WHAT THE TASK REQUIRES:
Write out every line below that contains "Residential".

Segment Start: PROVIDED DATA

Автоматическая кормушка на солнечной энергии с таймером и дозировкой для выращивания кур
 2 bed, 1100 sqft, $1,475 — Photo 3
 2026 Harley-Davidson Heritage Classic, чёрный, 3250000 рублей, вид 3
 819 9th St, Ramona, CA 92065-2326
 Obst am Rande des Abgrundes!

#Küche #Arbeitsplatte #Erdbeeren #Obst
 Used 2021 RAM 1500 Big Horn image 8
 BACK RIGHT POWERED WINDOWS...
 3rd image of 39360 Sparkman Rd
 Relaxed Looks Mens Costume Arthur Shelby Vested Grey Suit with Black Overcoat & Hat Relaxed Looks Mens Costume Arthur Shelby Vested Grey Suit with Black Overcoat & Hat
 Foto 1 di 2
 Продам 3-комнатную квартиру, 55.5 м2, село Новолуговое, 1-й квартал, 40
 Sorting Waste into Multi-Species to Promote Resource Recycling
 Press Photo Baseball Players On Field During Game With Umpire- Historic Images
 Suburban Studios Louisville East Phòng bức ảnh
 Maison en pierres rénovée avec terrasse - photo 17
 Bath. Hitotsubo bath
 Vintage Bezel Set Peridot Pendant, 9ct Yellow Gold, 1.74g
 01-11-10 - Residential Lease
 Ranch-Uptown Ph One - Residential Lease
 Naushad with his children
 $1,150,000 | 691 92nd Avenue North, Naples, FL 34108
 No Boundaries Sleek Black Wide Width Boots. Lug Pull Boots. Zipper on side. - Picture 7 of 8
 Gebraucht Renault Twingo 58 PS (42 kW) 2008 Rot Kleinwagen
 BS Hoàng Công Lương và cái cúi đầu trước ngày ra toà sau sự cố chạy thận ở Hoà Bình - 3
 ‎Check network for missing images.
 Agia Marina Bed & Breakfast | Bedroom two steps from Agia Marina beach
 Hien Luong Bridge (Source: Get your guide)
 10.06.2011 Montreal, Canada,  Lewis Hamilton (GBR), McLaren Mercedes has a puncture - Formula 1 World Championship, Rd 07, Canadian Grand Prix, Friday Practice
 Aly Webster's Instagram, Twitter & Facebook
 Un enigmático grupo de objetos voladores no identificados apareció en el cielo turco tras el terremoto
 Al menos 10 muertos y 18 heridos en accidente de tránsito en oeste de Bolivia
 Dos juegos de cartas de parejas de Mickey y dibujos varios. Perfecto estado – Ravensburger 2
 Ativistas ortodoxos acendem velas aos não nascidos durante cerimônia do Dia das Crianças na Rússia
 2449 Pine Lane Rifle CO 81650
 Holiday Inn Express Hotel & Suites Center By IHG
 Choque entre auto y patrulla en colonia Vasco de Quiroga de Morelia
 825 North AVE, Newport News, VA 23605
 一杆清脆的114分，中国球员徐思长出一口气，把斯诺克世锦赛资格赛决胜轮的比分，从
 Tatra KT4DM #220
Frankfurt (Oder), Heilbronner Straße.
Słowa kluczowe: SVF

Segment End: PROVIDED DATA

TASK RESPONSE:
 01-11-10 - Residential Lease
 Ranch-Uptown Ph One - Residential Lease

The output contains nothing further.